ETL (Load)
Flat Files
Python Print Statement
Give print a file keyword argument, where the value of the argument is a file stream. We can create a file stream using the open function
# use file=open() to direct the output to the file location
# using "a" appends or creates the file
print("Hello World!", file=open("output.txt", "a"))
some_text = "This is a string of something I want to save"

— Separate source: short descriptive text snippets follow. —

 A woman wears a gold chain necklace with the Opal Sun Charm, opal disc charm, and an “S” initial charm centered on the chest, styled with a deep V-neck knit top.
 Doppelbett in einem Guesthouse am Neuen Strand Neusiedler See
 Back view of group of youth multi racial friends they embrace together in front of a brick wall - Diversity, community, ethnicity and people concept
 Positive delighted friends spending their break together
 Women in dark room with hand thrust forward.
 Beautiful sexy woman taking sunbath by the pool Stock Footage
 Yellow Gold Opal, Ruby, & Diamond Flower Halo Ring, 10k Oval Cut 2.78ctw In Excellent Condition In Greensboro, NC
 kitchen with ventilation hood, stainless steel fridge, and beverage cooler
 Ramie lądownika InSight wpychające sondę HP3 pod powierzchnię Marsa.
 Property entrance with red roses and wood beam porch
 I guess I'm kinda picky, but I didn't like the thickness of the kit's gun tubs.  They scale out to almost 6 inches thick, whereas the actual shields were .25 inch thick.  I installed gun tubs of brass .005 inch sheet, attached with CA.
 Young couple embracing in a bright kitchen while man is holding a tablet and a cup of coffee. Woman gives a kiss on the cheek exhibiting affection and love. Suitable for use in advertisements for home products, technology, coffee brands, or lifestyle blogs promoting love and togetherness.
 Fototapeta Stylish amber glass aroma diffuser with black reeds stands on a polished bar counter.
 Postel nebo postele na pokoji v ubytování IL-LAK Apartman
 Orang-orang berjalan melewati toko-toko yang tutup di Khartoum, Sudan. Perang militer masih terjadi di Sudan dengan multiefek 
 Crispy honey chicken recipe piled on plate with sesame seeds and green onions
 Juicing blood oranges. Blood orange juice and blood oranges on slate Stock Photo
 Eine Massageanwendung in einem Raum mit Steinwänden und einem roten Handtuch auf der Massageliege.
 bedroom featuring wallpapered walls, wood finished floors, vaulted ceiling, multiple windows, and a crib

print(some_text, file=open("output.txt", "a"))
a
with python's open()
command will append the data to a new line separated by a line break
this actually is exactly how JSONL
documents are formated, where each new line is valid JSON. So running the
following will build valid JSONL
documents.
some_dict = {'Name':"Alice"}
print(json.dumps(some_dict), file=open("logs.jsonl", "a"))
Pyspark
Write to delta table
import pyspark.sql.functions as F
import pyspark.sql.types as T
import pyspark.sql.dataframe
# read table
df = (spark.read.table("database.table_name"))
## Do transformations
# write it back
(
df.write
.format('delta')
.mode('append') # or overwrite
.option('overwriteSchema', 'true')
.saveAsTable('database.table_name')
)
# Create table if it doesn't exists and point towards the delta tables (parquet)
spark.sql(f"CREATE TABLE IF NOT EXISTS database.table_name using delta location 'path/to/delta/tables/'")